Required work = A faithful copy is needed of the lines below from the one with "Portrait of woman" up to and including the one with "2221 Old Mill"; set it down with no pictures and no other lines.

Extracted data =
§ §
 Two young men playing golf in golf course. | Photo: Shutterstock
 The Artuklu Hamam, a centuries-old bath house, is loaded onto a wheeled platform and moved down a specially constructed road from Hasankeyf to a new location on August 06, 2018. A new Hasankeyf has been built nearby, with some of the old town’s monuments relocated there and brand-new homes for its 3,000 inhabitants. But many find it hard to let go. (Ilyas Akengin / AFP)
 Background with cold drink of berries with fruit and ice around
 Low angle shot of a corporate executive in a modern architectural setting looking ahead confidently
§ §
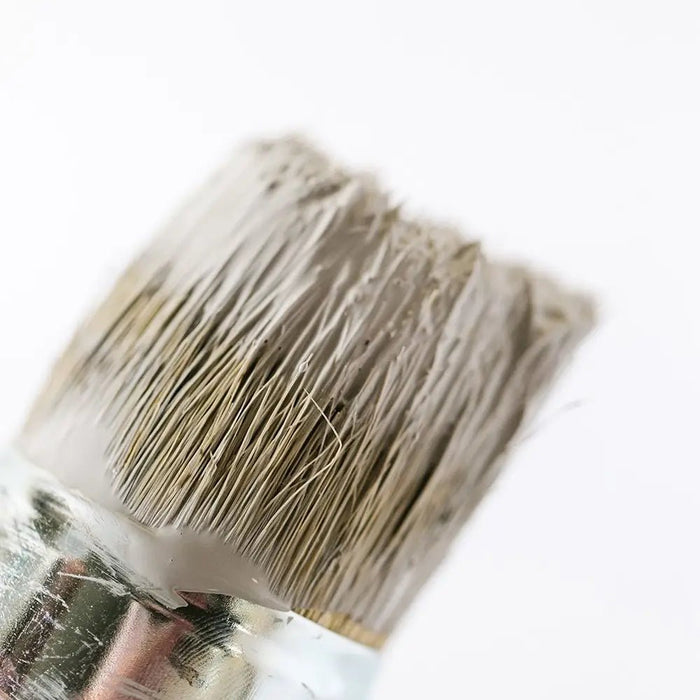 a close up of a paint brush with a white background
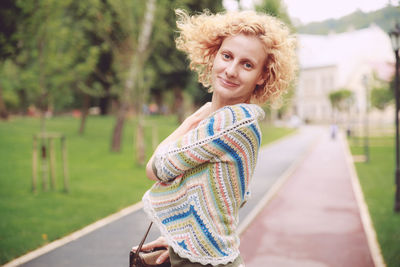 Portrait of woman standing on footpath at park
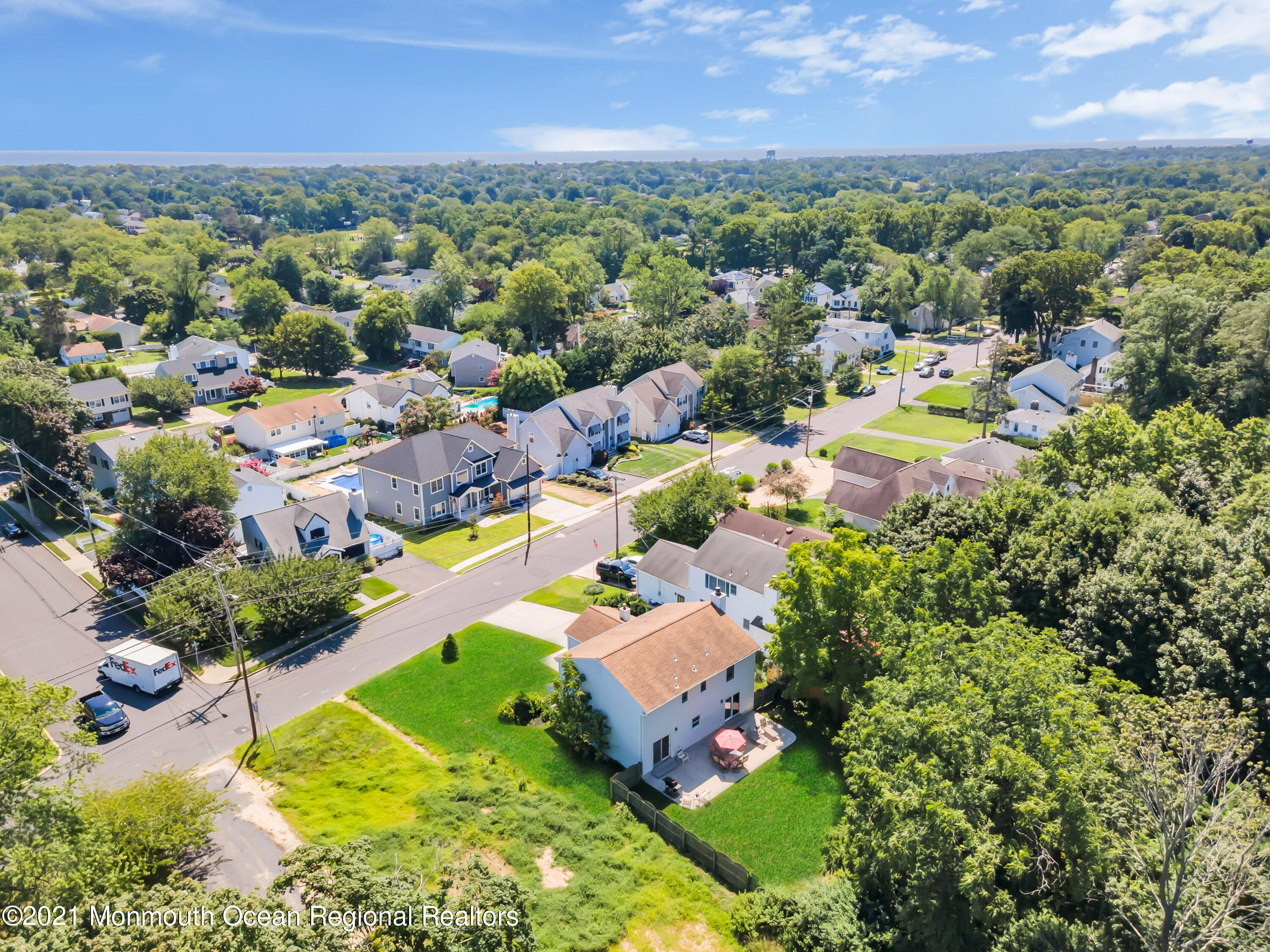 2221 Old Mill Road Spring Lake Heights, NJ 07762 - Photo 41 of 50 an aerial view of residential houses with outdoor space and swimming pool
§ §
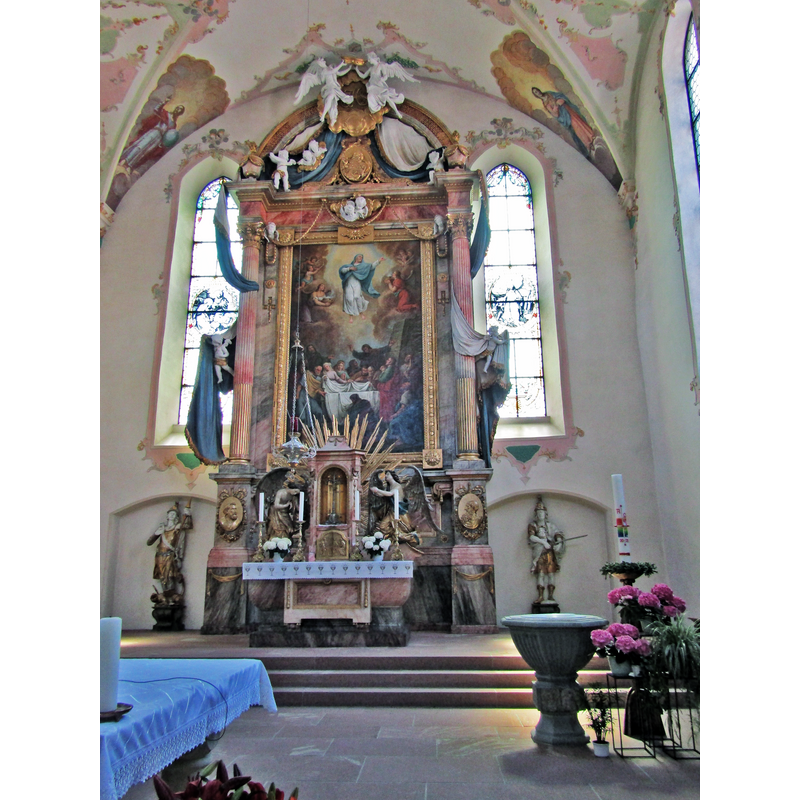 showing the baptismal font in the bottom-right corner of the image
§ §
Solution for this exercise =
 Portrait of woman standing on footpath at park
 2221 Old Mill Road Spring Lake Heights, NJ 07762 - Photo 41 of 50 an aerial view of residential houses with outdoor space and swimming pool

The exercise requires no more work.